NASHVILLE, Tenn. (AP) — Gov. Bill Lee's administration announced Friday that long-term care facilities will soon be required to test all of their residents and staff for COVID-19 after initially just urging nursing homes to do so.
According to Lee's office, the Healthcare Facilities Board unanimously approved new rules from the Department of Health that require testing of all long-term care facilities to be completed by June 30.
After June, nursing homes must conduct testing on staff at least once a week. Staff members will be exempted if they have a positive FDA-approved COVID-19 antibody test.

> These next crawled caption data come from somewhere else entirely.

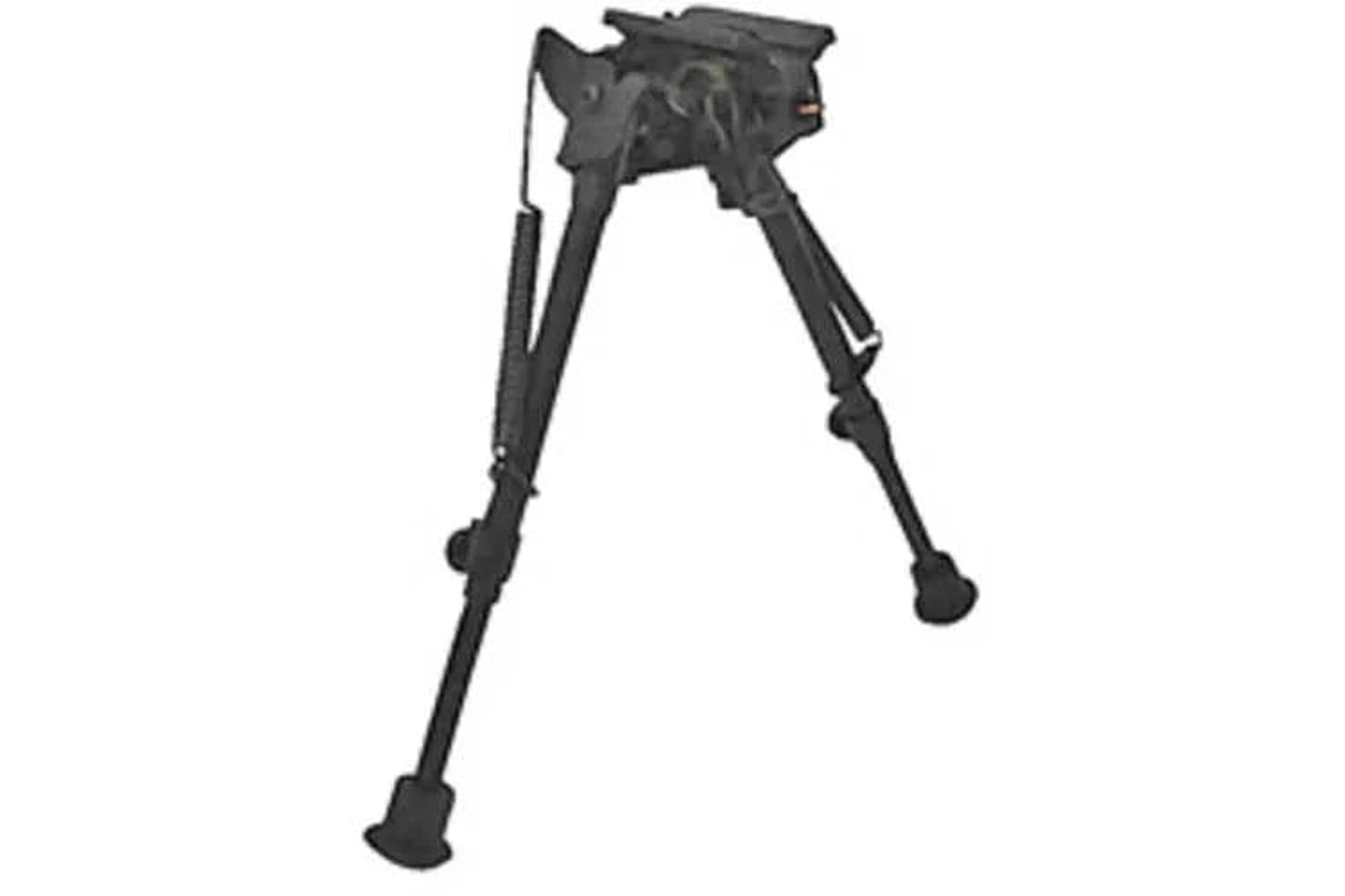 Harris Bipods S-L2 SL 2 Self-Leveling Legs, Made Of Steel/Aluminum With Black AFALSEdized Finish, 9-13" Vertical Adjustment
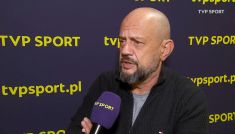 Jacek Laskowski (fot. TVP Sport)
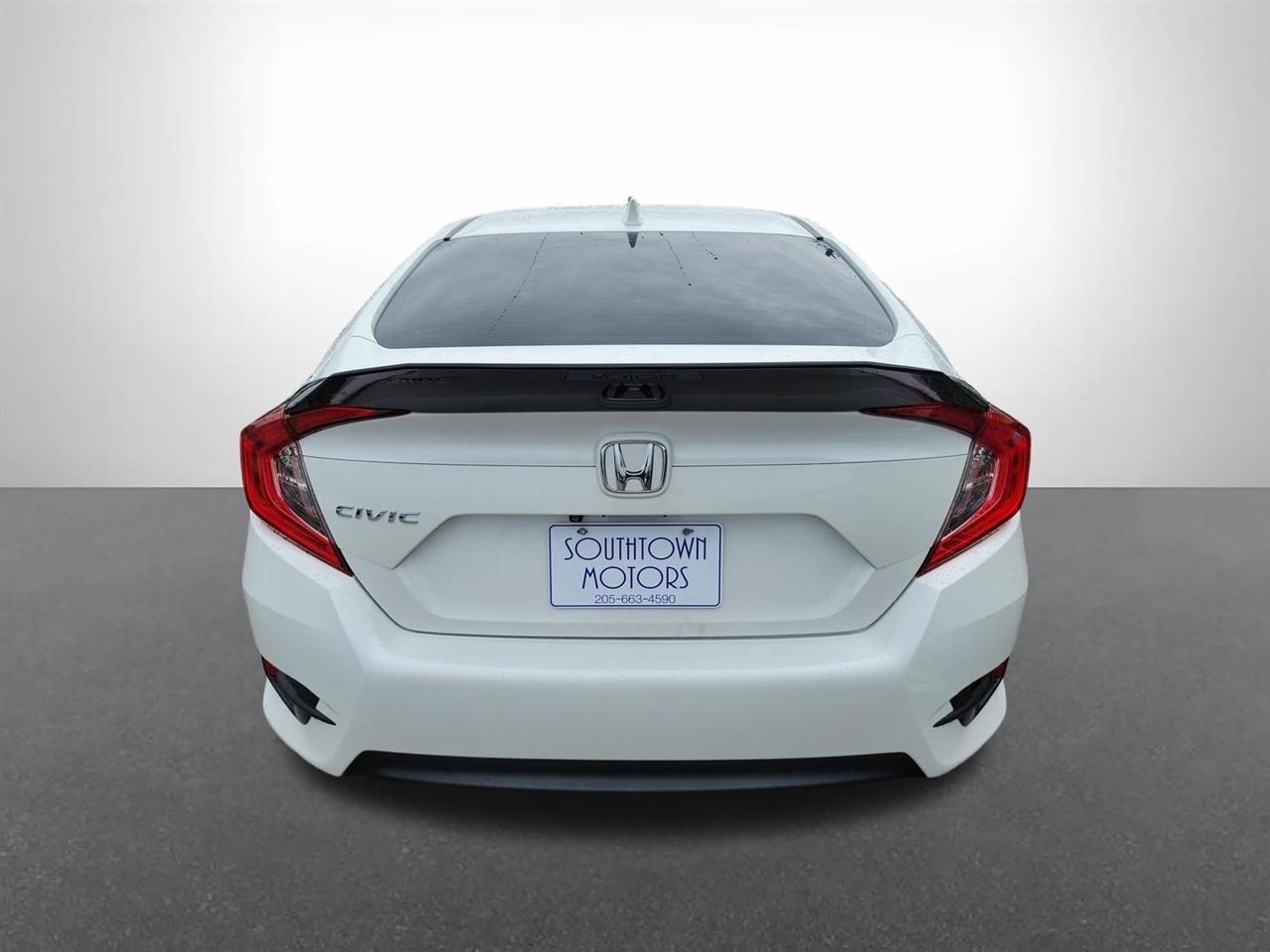 Honda Civic Sedan  2017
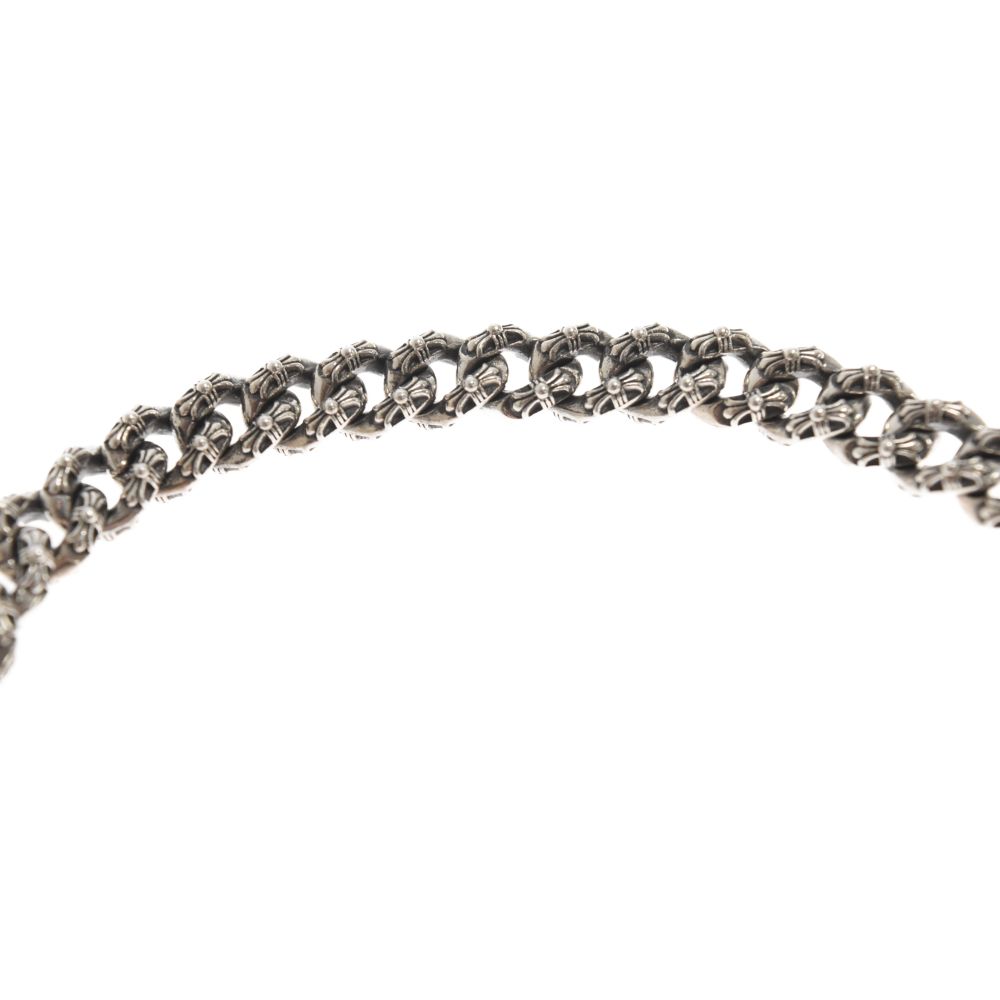 クロムハーツ ブレスレットXTRA FNCY MINI/エクストラファンシーミニ クロムハーツ CHROME HEARTS Xtra Fancy Mini Bracelet L37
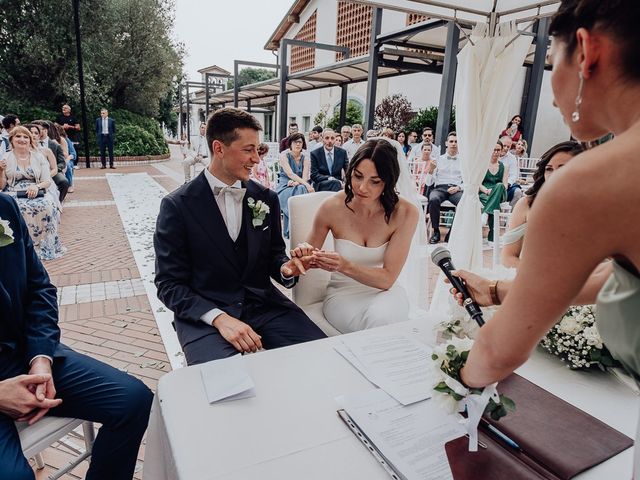 Il matrimonio di Giuseppe e Gaia a Treviglio, Bergamo 198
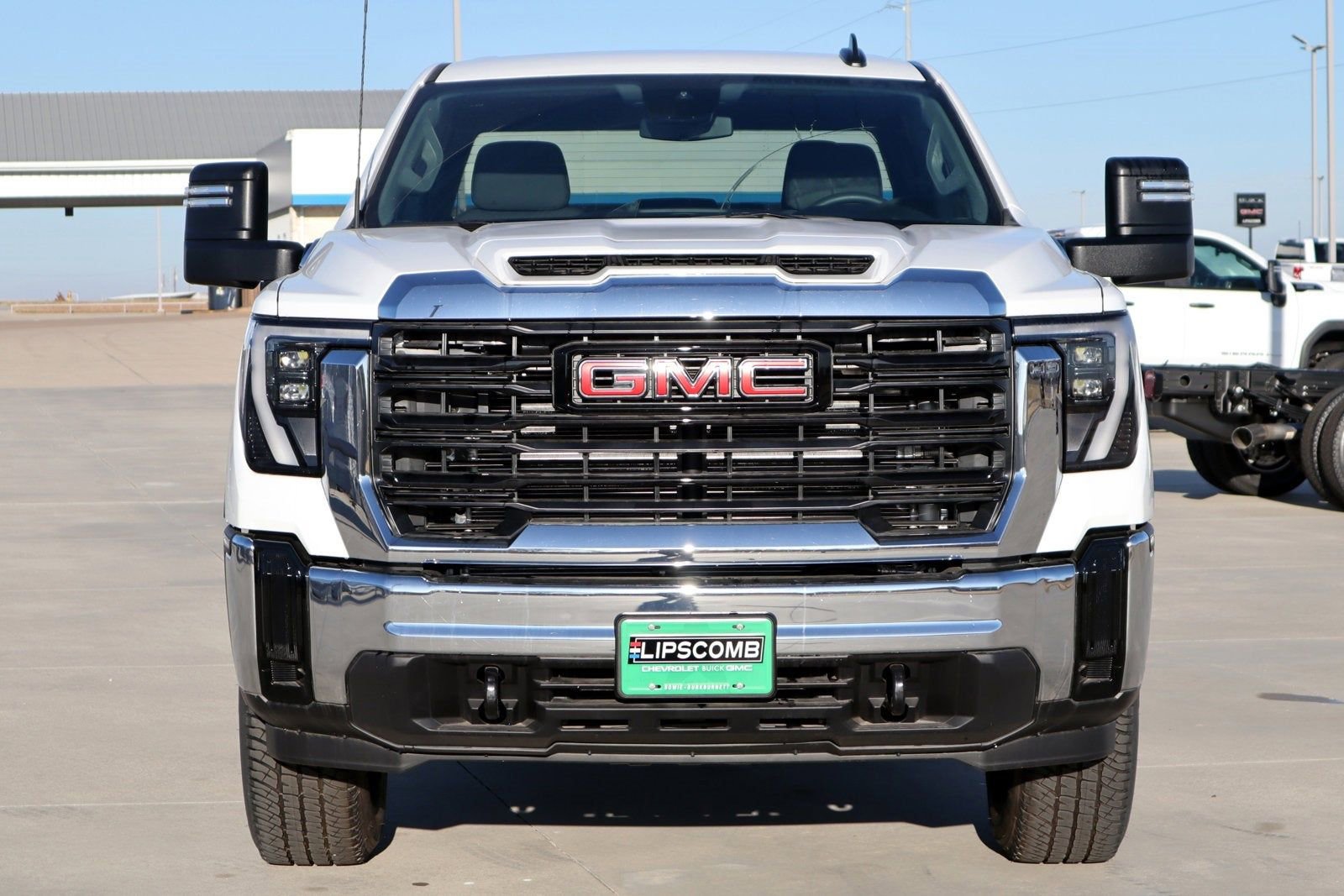 2024 Gmc Sierra 2500 HD Pro photo 2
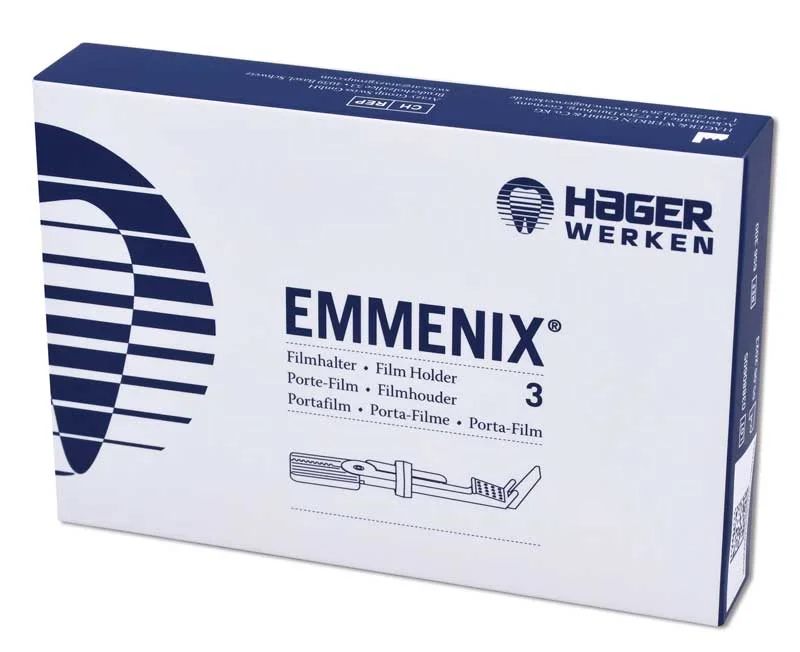 Emmenix Filmhållare Set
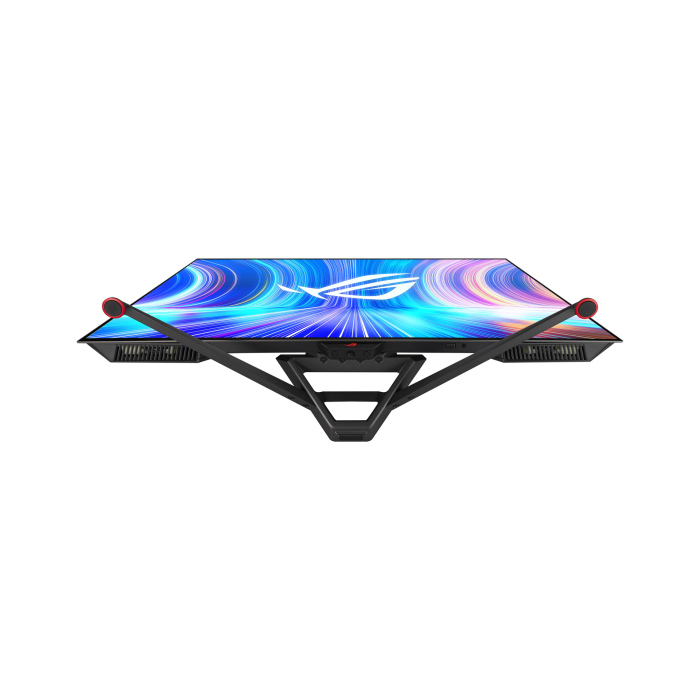 Asus ROG Swift OLED Gaming Monitor, 41.5-inch 4K OLED, 138Hz, 0.1 ms, Anti-glare Micro-Texture Coating - PG42UQ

Earlier this month, Lee requested that all of the state's approximately 700 nursing homes conduct coronavirus testing by May 31. By Friday, 60% of those facilities had done so, while another 20% were awaiting various tools to complete the testing. Those materials — such as tests and protective equipment — were expected to be delivered within a week.
The remaining 20% require staffing assistance, which Lee's office says will be provided by the National Guard.
"To date, nearly 40 percent of all COVID-19-related deaths in Tennessee have been long-term care residents," states a report compiled by Lee's office detailing the nursing home testing.
As of Friday, there have been a total of 22,085 confirmed cases and 360 deaths in the state related to the virus.
Facilities that fail to follow the new rules could have their license revoked or suspended, or be fined.
In other virus news, Tennessee officials said they have finalized plans to set up an alternate care site for COVID-19 at Metro Nashville General Hospital.
In a statement Friday, Gov. Bill Lee's office said the site will be a "hospital within a hospital model," designed to activate and deactivate quickly if needed.
State Health Commissioner Lisa Piercey said she hopes the facility won't need to be activated, but it will remain on standby.
The site includes two hospital floors, totaling almost 26,300 square feet (2,443 square meters) and provides 67 extra individual bed spaces to treat COVID-19 patients if the region begins to exceed existing hospital capacity.